I  - res: "a company "
I --------------------------------------------------------------------------------
I WER: 1.000000, loss: 0.013327, mean edit distance: 0.250000
I  - src: " company"
I  - res: "a company "
I --------------------------------------------------------------------------------
I WER: 1.000000, loss: 0.056036, mean edit distance: 0.125000
I  - src: " project"
I  - res: "a project"
I --------------------------------------------------------------------------------
I WER: 1.000000, loss: 0.075017, mean edit distance: 0.250000
I  - src: " project"
I  - res: "a project "
I --------------------------------------------------------------------------------
I WER: 1.000000, loss: 0.075017, mean edit distance: 0.250000
I  - src: " project"
I  - res: "a project "
I --------------------------------------------------------------------------------
I Exporting the model...
Converted 12 variables to const ops.
I Models exported at model_export_youtubeV3/

and i am testing inference,

actual:how are you
res: a

actual: how can i apply for aadhaar card pan card
res: how can a a bar abdy

actual: you are not working
res: a

deepspeech 0.2.1a1
tensorflow 1.11.0

DeepSpeech v0.2.0 and pretrained model v0.2.0

i was trained model for EC2 p3 instance xlarge 8GPUs. it takes 18 hrs.

sir can you help me please? is it any problem for hyper parameter? then how to fine tune a training and get good accuracy?

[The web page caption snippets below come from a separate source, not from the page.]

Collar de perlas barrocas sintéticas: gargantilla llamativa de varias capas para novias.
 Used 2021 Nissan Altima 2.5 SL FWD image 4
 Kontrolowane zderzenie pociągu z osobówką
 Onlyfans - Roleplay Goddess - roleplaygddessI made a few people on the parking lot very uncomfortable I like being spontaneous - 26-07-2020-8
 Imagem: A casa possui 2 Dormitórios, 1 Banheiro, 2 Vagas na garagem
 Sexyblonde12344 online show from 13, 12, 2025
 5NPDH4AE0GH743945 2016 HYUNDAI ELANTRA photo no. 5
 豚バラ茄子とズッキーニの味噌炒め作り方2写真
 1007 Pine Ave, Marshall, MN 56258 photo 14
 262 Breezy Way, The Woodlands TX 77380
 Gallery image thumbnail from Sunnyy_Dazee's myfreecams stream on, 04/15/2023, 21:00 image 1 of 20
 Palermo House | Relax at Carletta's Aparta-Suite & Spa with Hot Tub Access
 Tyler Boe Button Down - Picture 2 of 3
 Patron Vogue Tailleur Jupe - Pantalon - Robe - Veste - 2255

i didn’t get best accuracy for my model(indian accent) for fine tuning.

thank you,
Murugan R


(Lissyx) #2

It’s complicated, we are only experimenting yet on transfer learning, we dont have a lot of feedback yet on the proper steps to get something really good.


(Lissyx) #3

It’s complicated to judge with so few elements ; maybe you don’t have enough data yet. Can you ensure the source material is adequate ? PCM 16 bits 16kHz mono ? If you perform any conversion, can you ensure it does not add any artifacts ?

The v0.3.0 model might be a good try, it should contain more common voice data. You could also rebase your work on current master of deepspeech, with v0.3.0 checkpoints: you can benefit from the new decoder, it might improve things.


(Murugan R) #4

If I have to fine tune our pretrained model with libspeech not included for these three datasets( common voice, switch, fisher), will it get more accuracy and then adapt accent variations? are you previously tested sir?

thank you for your quick response sir.:slightly_smiling_face:


(Lissyx) #5

For the n-th time: it might, but we can’t promise anything.


(Murugan R) #6

thank you for your response sir :slightly_smiling_face: